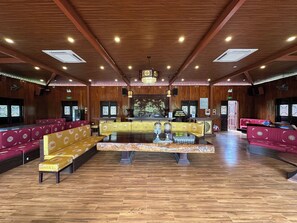 A spacious lobby with wooden paneling, a central reception desk, and seating areas. - La Vela Legacy Resort (Hue)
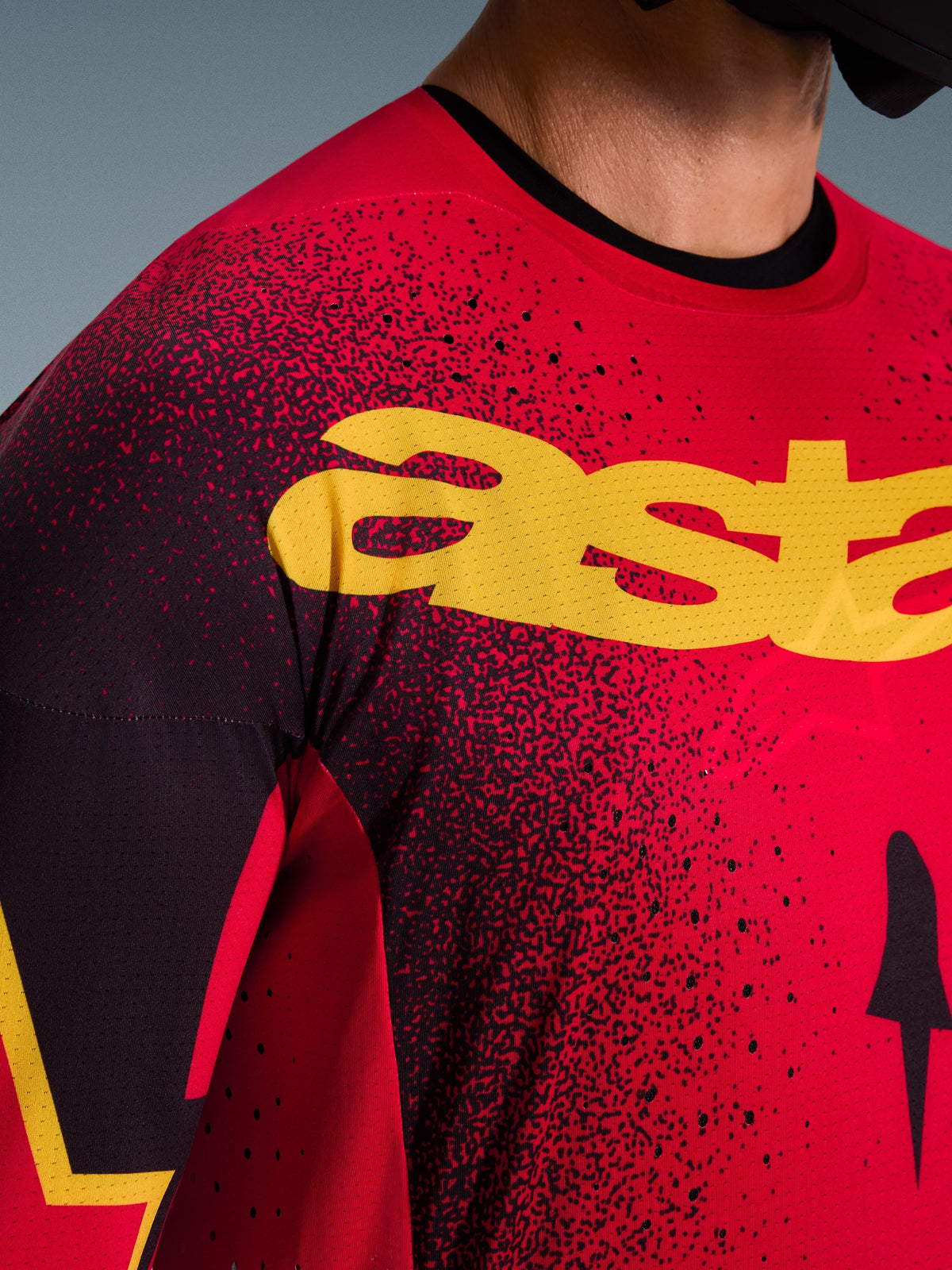 Nærbillede af Alpinestars 2026 Supertech Scenz trøje i Red Black Yellow, med et stort gult logo på brystet, laser-skårne perforeringer for øget luftstrøm og en letvægts mesh-tekstur til professionel motocross-racing.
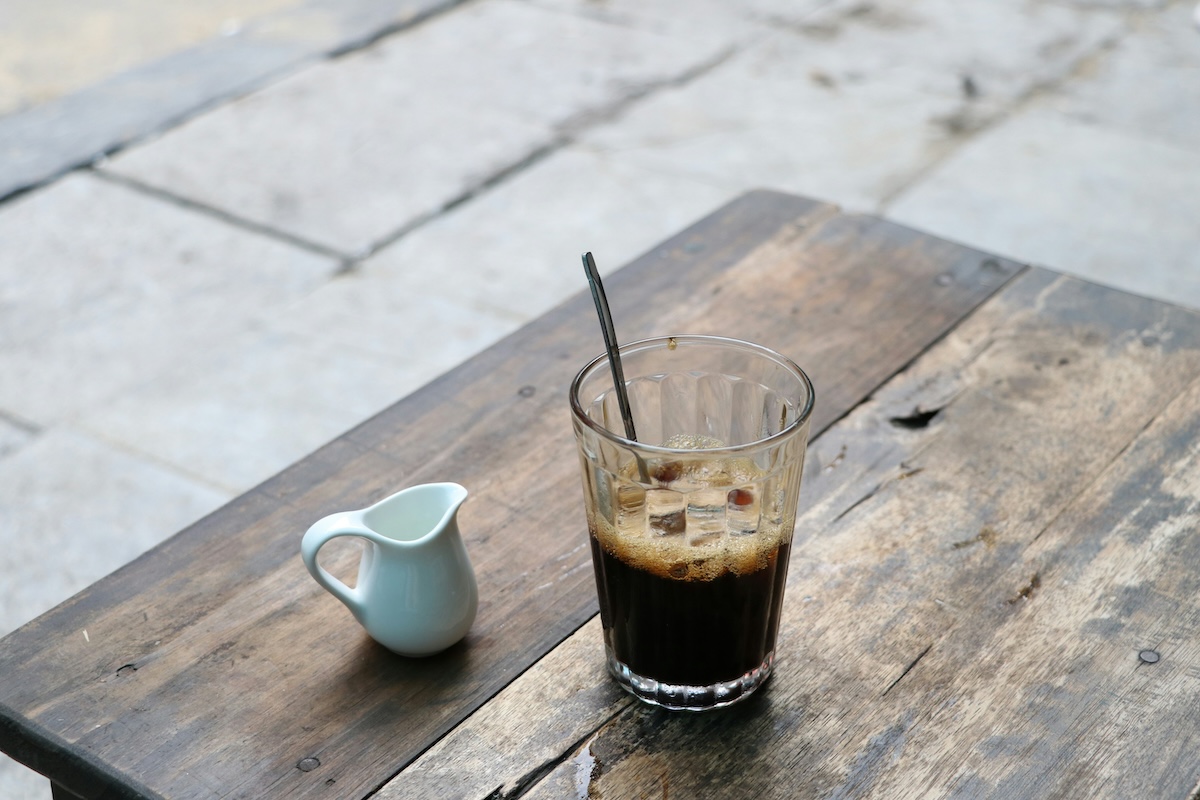 Vietnamese iced coffee on a wooden table with a small white jug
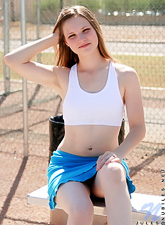 Impressive teenage model pulls up her top and displays her natural boobies on the playground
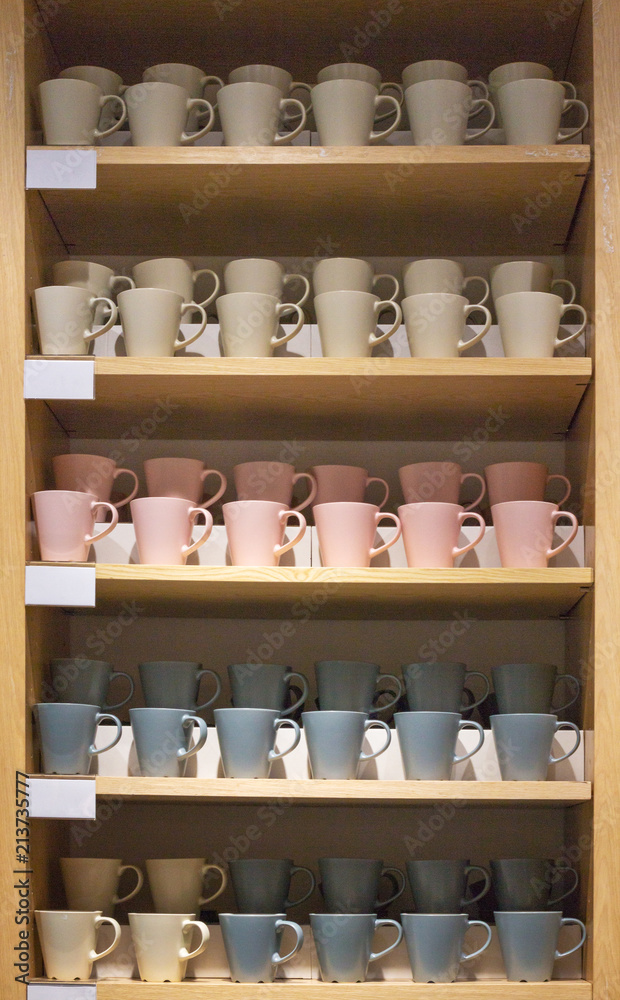 Mugs on the shelves in the shop window. Mugs on the shelves in the shop window.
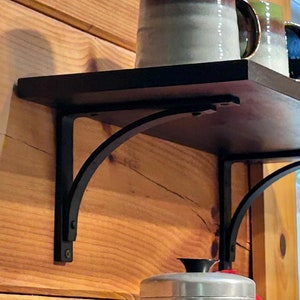 May include: A black metal shelf bracket with a curved design is mounted to a wooden wall. The shelf is made of black wood and has a variety of mugs and a silver container on top.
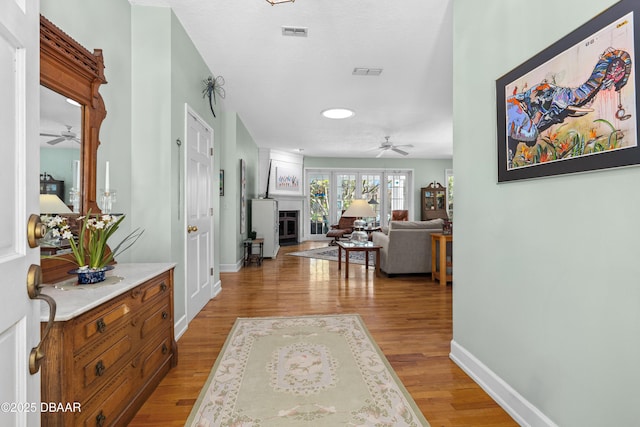 hall featuring visible vents, light wood-style flooring, and baseboards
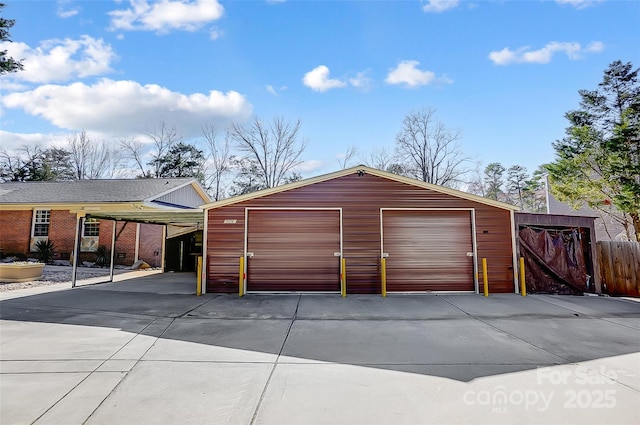 detached garage featuring fence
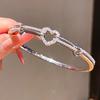 Luxury Heart Pendant Bracelet With Zircon Embellishments In Gold Finish For Spring 2026 Fashion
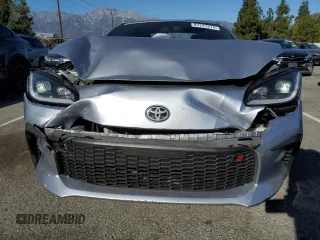 2022 Toyota GR86 Premium with VIN JF1ZNBE12N9753110, listed as a Copart auction lot 87231314 with 27,069 mi miles and Salvage Title. Bid and sale history available at carsss.com. Image 5.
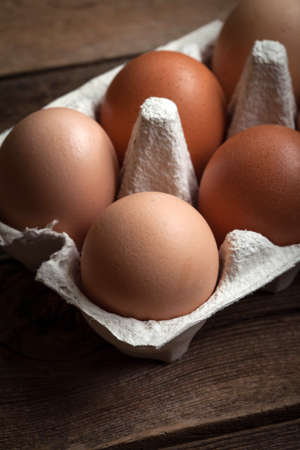 Fresh farm eggs on a wooden rustic background. Dark light.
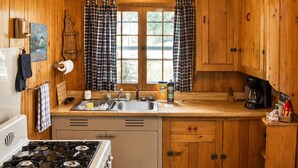 Een keuken in blokhutstijl met houten wanden, een fornuis, een spoelbak en een plafondventilator.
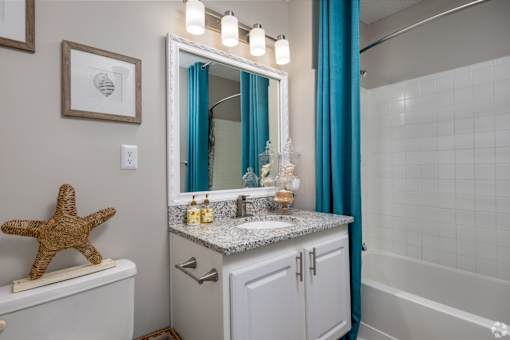 A bathroom with a white toilet, a sink with a mirror above it, and a blue shower curtain.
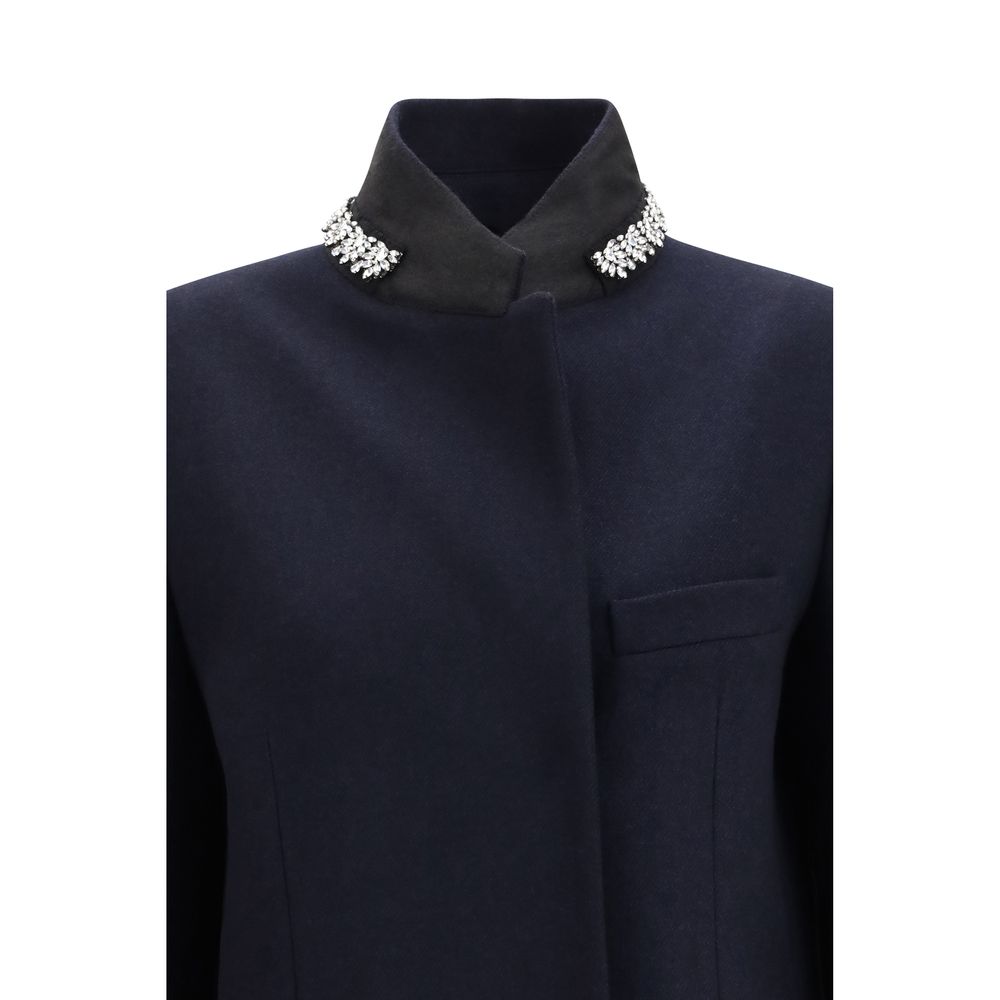 Overcoat by Prada for women in wool blue features a contemporary silhouette showcasing a contemporary single-breasted neckline and refined pockets for a sophisticated finish.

--- Task to complete ---
Each record must be quoted in full and exactly. Do not include the pictures.

--- Task solution ---
 A spacious lobby with wooden paneling, a central reception desk, and seating areas. - La Vela Legacy Resort (Hue)
 Nærbillede af Alpinestars 2026 Supertech Scenz trøje i Red Black Yellow, med et stort gult logo på brystet, laser-skårne perforeringer for øget luftstrøm og en letvægts mesh-tekstur til professionel motocross-racing.
 Vietnamese iced coffee on a wooden table with a small white jug
 Impressive teenage model pulls up her top and displays her natural boobies on the playground
 Mugs on the shelves in the shop window. Mugs on the shelves in the shop window.
 May include: A black metal shelf bracket with a curved design is mounted to a wooden wall. The shelf is made of black wood and has a variety of mugs and a silver container on top.
 hall featuring visible vents, light wood-style flooring, and baseboards
 detached garage featuring fence
 Luxury Heart Pendant Bracelet With Zircon Embellishments In Gold Finish For Spring 2026 Fashion
 2022 Toyota GR86 Premium with VIN JF1ZNBE12N9753110, listed as a Copart auction lot 87231314 with 27,069 mi miles and Salvage Title. Bid and sale history available at carsss.com. Image 5.
 Fresh farm eggs on a wooden rustic background. Dark light.
 Een keuken in blokhutstijl met houten wanden, een fornuis, een spoelbak en een plafondventilator.
 A bathroom with a white toilet, a sink with a mirror above it, and a blue shower curtain.
 Overcoat by Prada for women in wool blue features a contemporary silhouette showcasing a contemporary single-breasted neckline and refined pockets for a sophisticated finish.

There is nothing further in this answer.